[Opening DATA SECTION section]
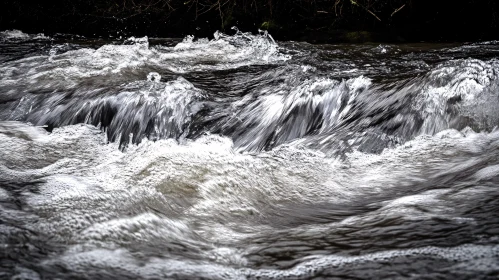 Vigorous Water Flow in a Rushing River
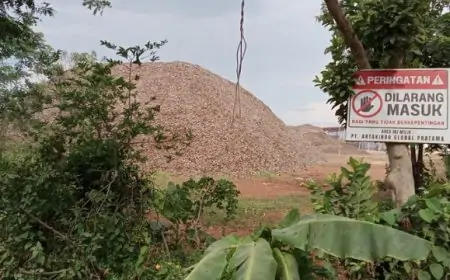 Warga Mengeluh Sesak Nafas dan Mata Perih Akibat Asap Pabrik Arang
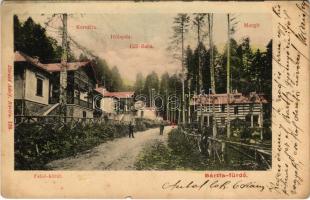 Bártfa, Bártfafürdő, Bardejovské Kúpele, Bardiov, Bardejov; Felső körút, Kornélia, Hólapda, Gül-Baba és Margit nyaralók. Divald Adolf 138. / street view, villas (Rb)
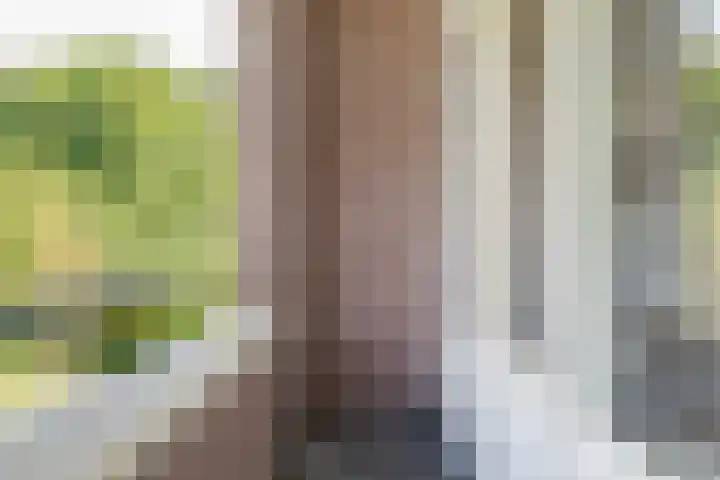 De Etstoel 9 Sleen thumbnail 35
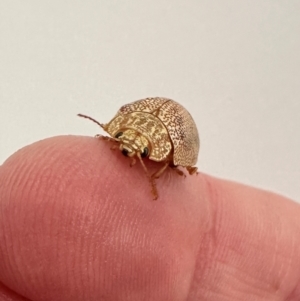 Paropsis atomaria at Deakin, ACT - 21 Jan 2024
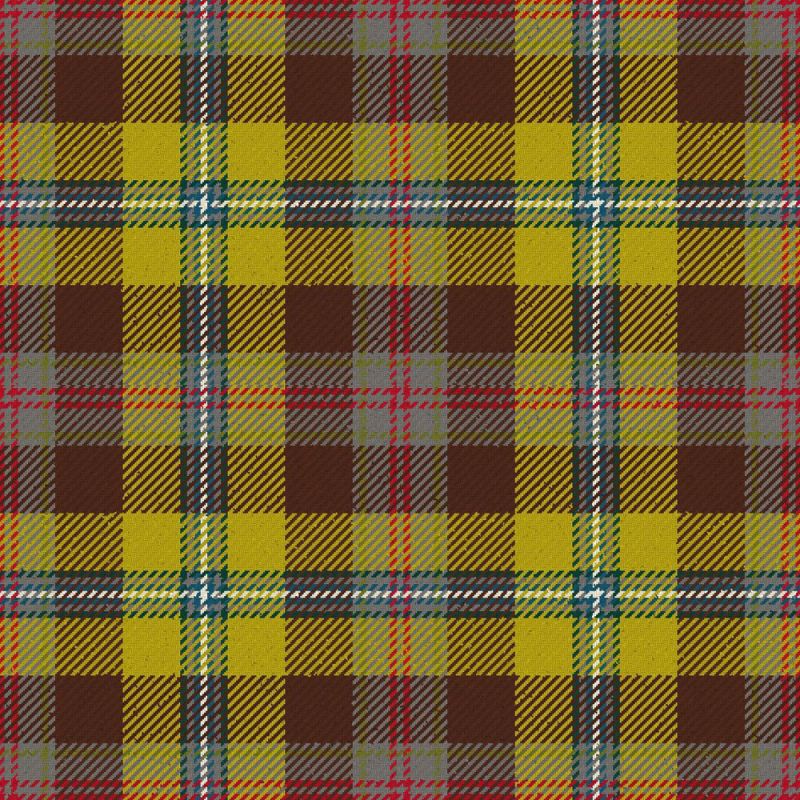 Porcupine Modern Tartan Kilt Porcupine Modern Tartan Kilt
[Closing DATA SECTION section]
EXERCISE REQUIREMENTS:
Where pictures occur in the material above, omit them and return everything else exactly.

RESULT:
 Vigorous Water Flow in a Rushing River
 Warga Mengeluh Sesak Nafas dan Mata Perih Akibat Asap Pabrik Arang
 Bártfa, Bártfafürdő, Bardejovské Kúpele, Bardiov, Bardejov; Felső körút, Kornélia, Hólapda, Gül-Baba és Margit nyaralók. Divald Adolf 138. / street view, villas (Rb)
 De Etstoel 9 Sleen thumbnail 35
 Paropsis atomaria at Deakin, ACT - 21 Jan 2024
 Porcupine Modern Tartan Kilt Porcupine Modern Tartan Kilt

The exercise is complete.